| jmcph4 |

Let's Talk, Succinctly

[2024-09-05 16:00:00 +1000]

SP1 pipeline diagram from Uma Roy's Frontiers 2024 presentation

After narrowly catching the tail end of brat summer in the US, I had hoped that we could bring it to the Antipodes for our summer; although that ship has now sailed. One ship that hasn't sailed is that of ZKP-based blockchain scaling, which brings us to what I'm coining Succinct summer. Succinct takes RISC-V machine code (specifically, RV32IM) and produces proofs as to its (concrete) execution in zero-knowledge. This means that our favourite LLVM-based programming languages Just Work(TM)—Rust included. It's also very fast, and thus cheap, to use and if that's still insufficient then proof computation can be exported to a hosted platform. The Succinct stack can also verify mainnet EVM execution too.

Let's write a very simple program within the zkVM and learn stuff along the way.

Background

RISC-V

RISC-V is a family of open source RISC ISAs originally developed at UC Berkeley in 2010. Herein, I'll refer to RISC-V as both a plural and a singular noun at my convenience. It's a little endian, variably-encoded load-store register machine in 32-, 64-, and 128-bit word sizes. The RISC-V specification is structured in a modular fashion: there's a base instruction set with optional support for a variety of extensions like integer multiplication (yes that's right, you don't get that for free), floating point arithmetic, atomics, and more. Overall, it's a mature and much-loved royalty-free ISA which you can even buy consumer-grade SoCs for.

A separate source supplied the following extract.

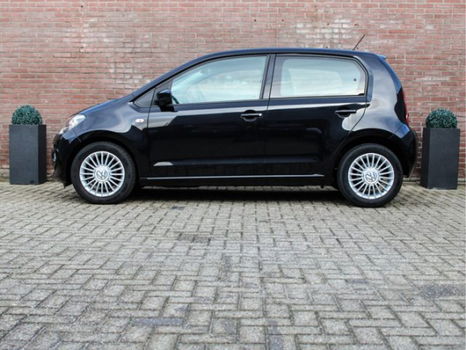 Volkswagen Up! - 1.0 high up BlueMotion 60PK Navigatie 'Maps&more', Airco, PDC achter - 1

Succinct explicitly supports only a subset of the full specification (i.e., the specification with every extension enabled): RV32IM. Let's break that down:

ComponentMeaning
RVIt's RISC-V
32Words are 32 bits wide (i.e., XLEN=32)
IEverything is an integer
MThe integer muliplication extension ("M") is included

SP1

SP1 is the virtual machine Succinct uses. Although, just like "regular" userspace programming, SP1 refers to two things: the VM itself and the associated runtime environment supporting it. Specifically, SP1 is a zkVM—a VM operating in zero-knowledge. Above we established that SP1 implements RV32IM, but there are some added requirements:

A Note on Instruction Encoding

Another aspect in which SP1 departs from RV32IM is in its instruction encoding scheme. RISC-V defines two parameters that pertain directly to handling instruction encoding: IALIGN and ILEN. RISC-V mandates that IALIGN takes on a value of either 16 or 32—nothing else. Furthermore, ILEN must take on a minimum value of 32. If an implementation only supports the base ISA (i.e., RV32I or RV64I) then it has an ILEN value of 32.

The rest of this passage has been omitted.